Discography is a compilation album by American rock band Jesuit. Released on April 12, 2011, through Magic Bullet Records, the album features every song recorded by the hardcore punk group during their tenure in the mid and late 1990s. Jesuit released a demo tape, two self-titled EPs, and a Black Sabbath cover before disbanding.

In 2021, Discography was reissued by Dark Operative for Jesuit's 25th anniversary.

Reception 

Shawn Macomber of Decibel magazine awarded the album a 9 out of 10 rating, describing it as "a beautifully remastered collection documenting the all-too-fleeting existence of one of the seminal bands that made post-post-hardcore's mid-'90s vicious turn so darkly exhilarating." Writing for RVA Magazine, Marilyn Drew Necci said "Jesuit’s music stands the test of time better than the vast majority of their contemporaries" and that "the remastering job also aids the songs immeasurably". Bob, staff writer for the online magazine Scene Point Blank, said "the lack of any real mention by the current hardcore crowd (be it listeners, bands, media, etc) has rendered [Jesuit] a true overlooked powerhouse". He gave Discography a rating of 8.5 out of 10, calling it "one hell of a release (bordering on 'should be classic') that needs to be heard just short of immediately."

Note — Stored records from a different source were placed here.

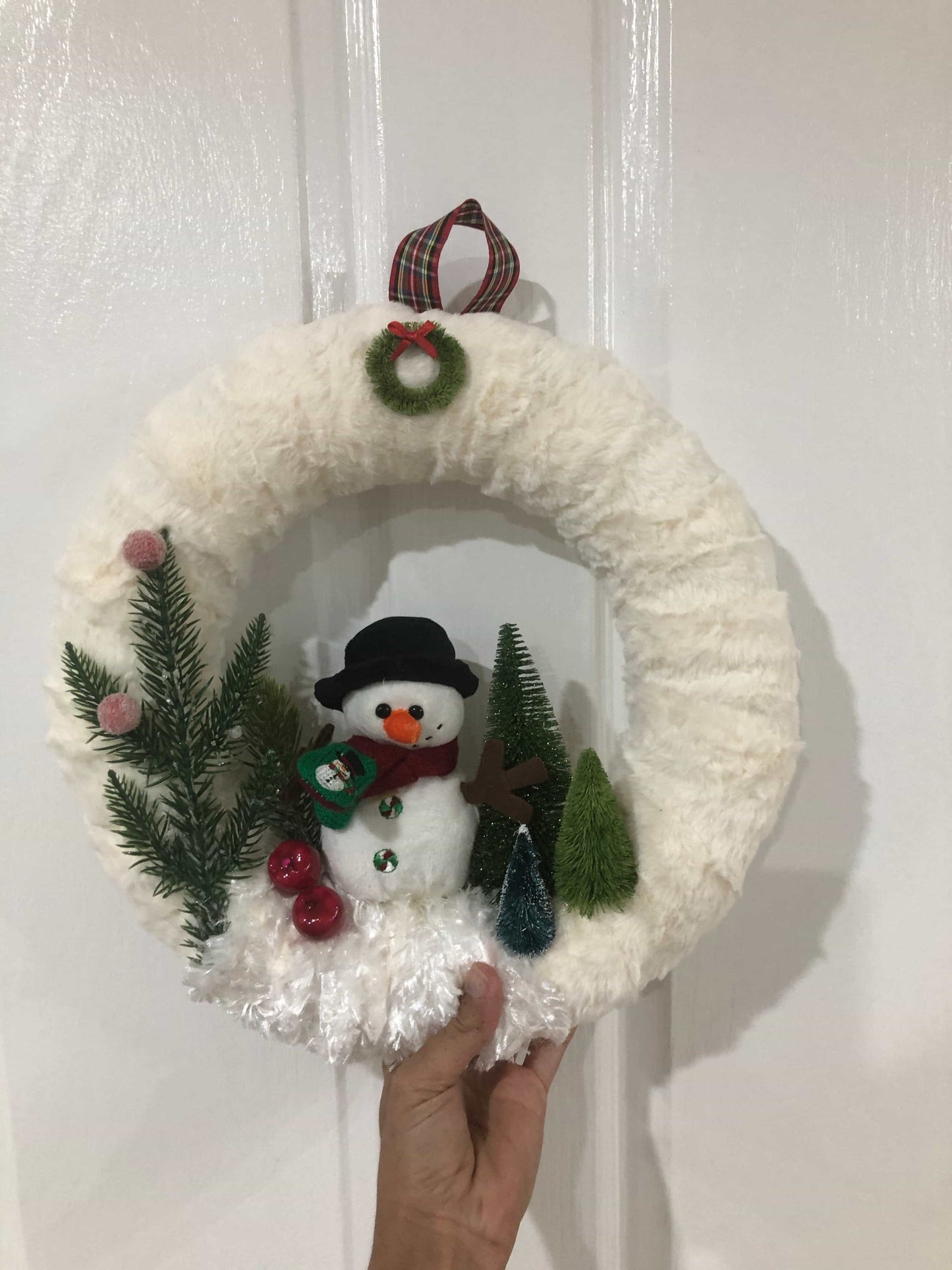 Snowman fur wreath-All-Times-Gifts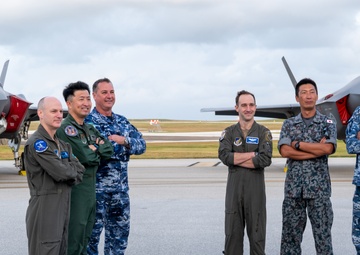 CN25 team poses for group photos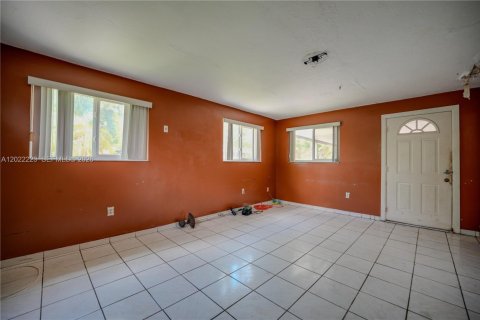 Villa ou maison à vendre à Miami, Floride: 3 chambres, 156.82 m2 № 2087111 - photo 8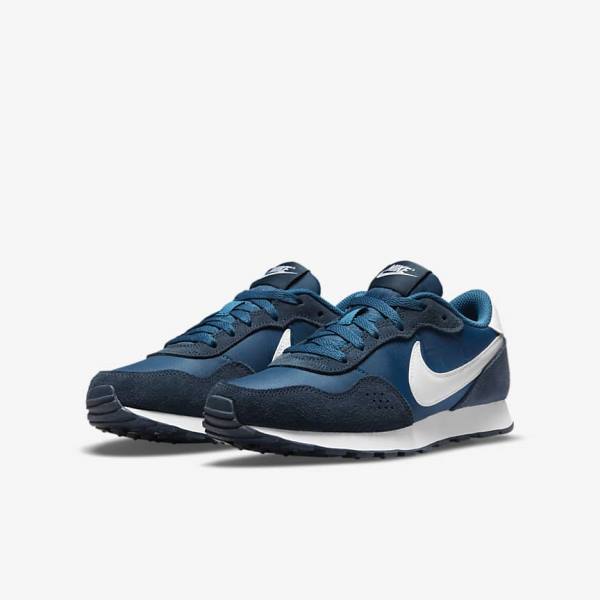 Trampki Dziecięce Nike MD Valiant Older Granatowe Białe | NK916CXN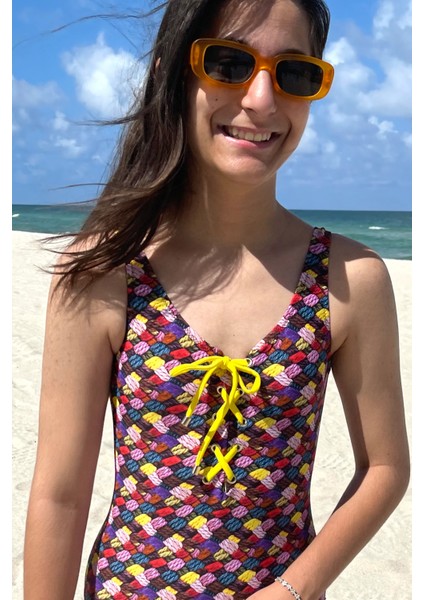 Örgü Desenli Kuşgözü Detaylı Kız Çocuk Mayo By Nessi Byrd fiyatları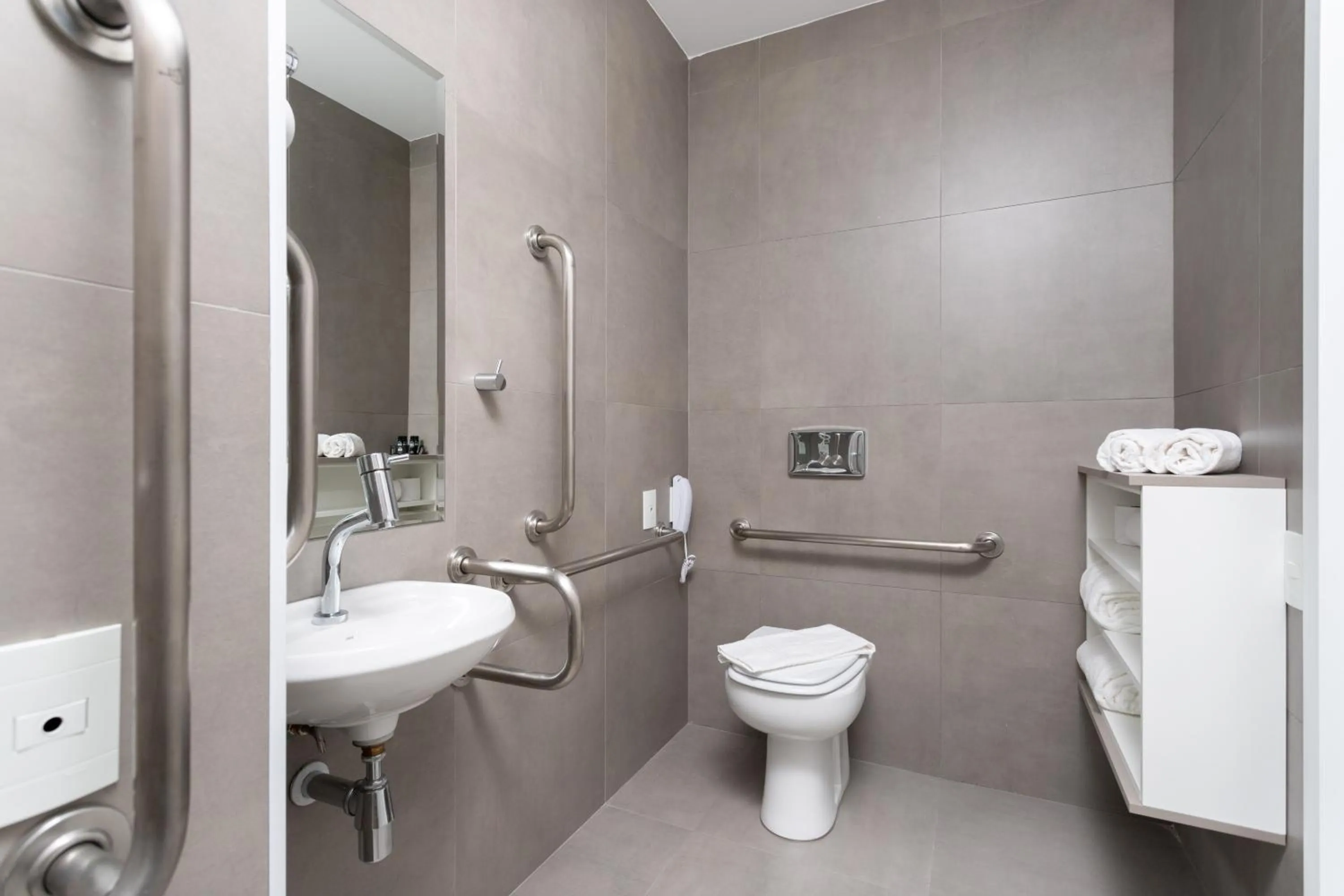 Bathroom in Charlie Oscar Freire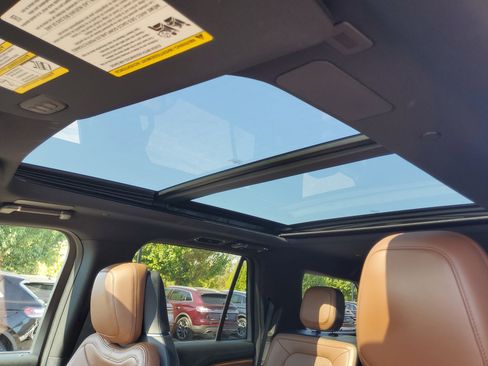 Certified 2022 Lincoln Navigator Reserve image 11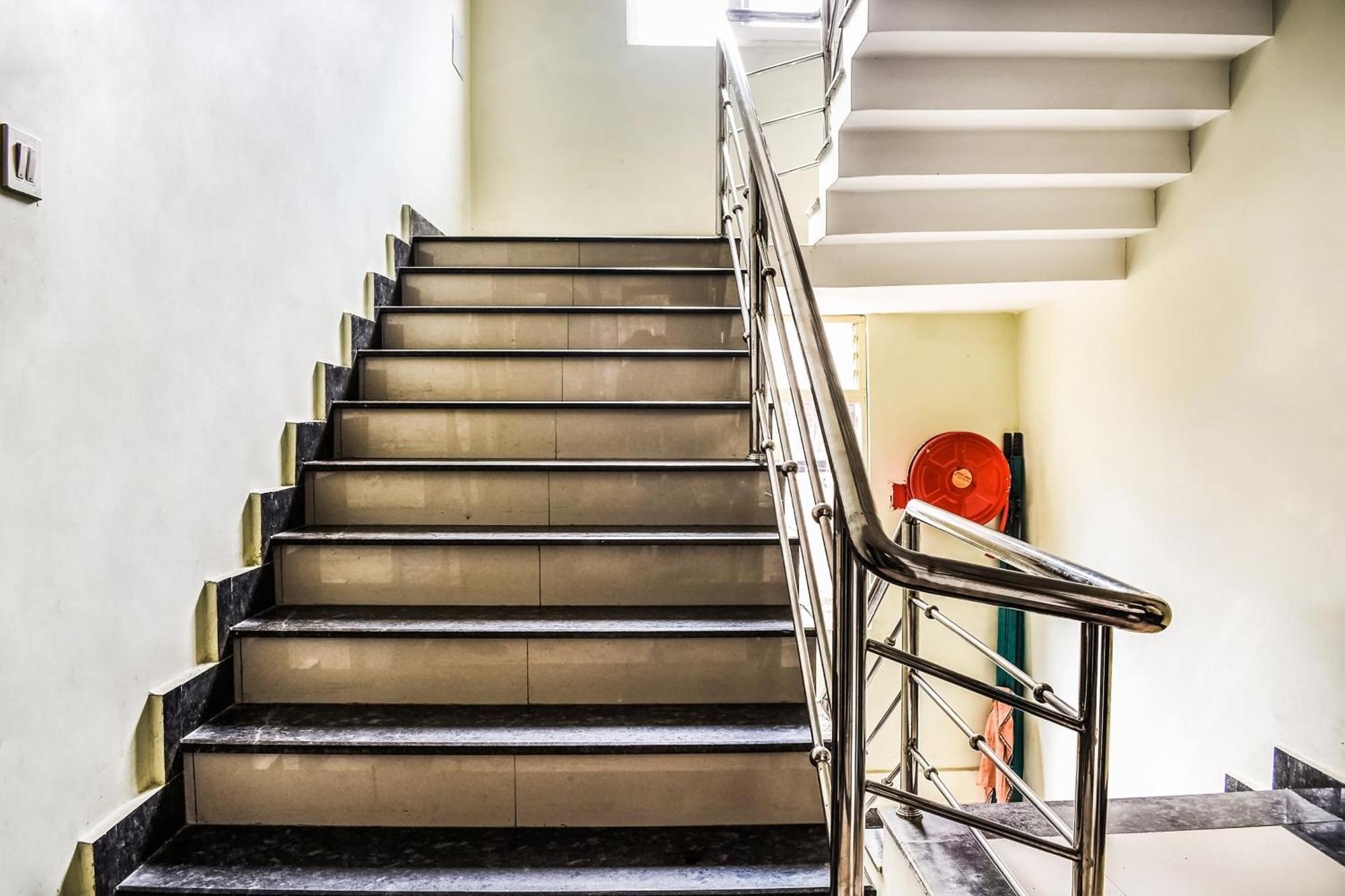 Capital O Jai Adisson Hotel Cuttack Exterior foto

In a less favorable review, Joseph Schafer of Invisible Oranges wrote "the only reason [Discography] exists in this compiled and remastered form, gorgeous artwork and all, is because bassist Nate Newton and guitarist Brian Benoit went on to join Converge and The Dillinger Escape Plan, respectively." He called the cover of Black Sabbath's "Hole in the Sky" the "best song" on the album, and said "after listening to it, I'd put money down that Converge and Dillinger's track record of incredible covers originates from Benoit and Newton."

Track listing

Personnel 
Discography personnel as listed in CD liner notes.

Jesuit
 Brian Benoit – guitar (tracks 1–4)
 J. How – drums
 Brett Matthews – vocals, bass
 Nate Newton – vocals, guitar
 Kelly Posadas – vocals, guitar (tracks 5–12)

Additional musicians
 Jacob Bannon – backing vocals on Jesuit (1999)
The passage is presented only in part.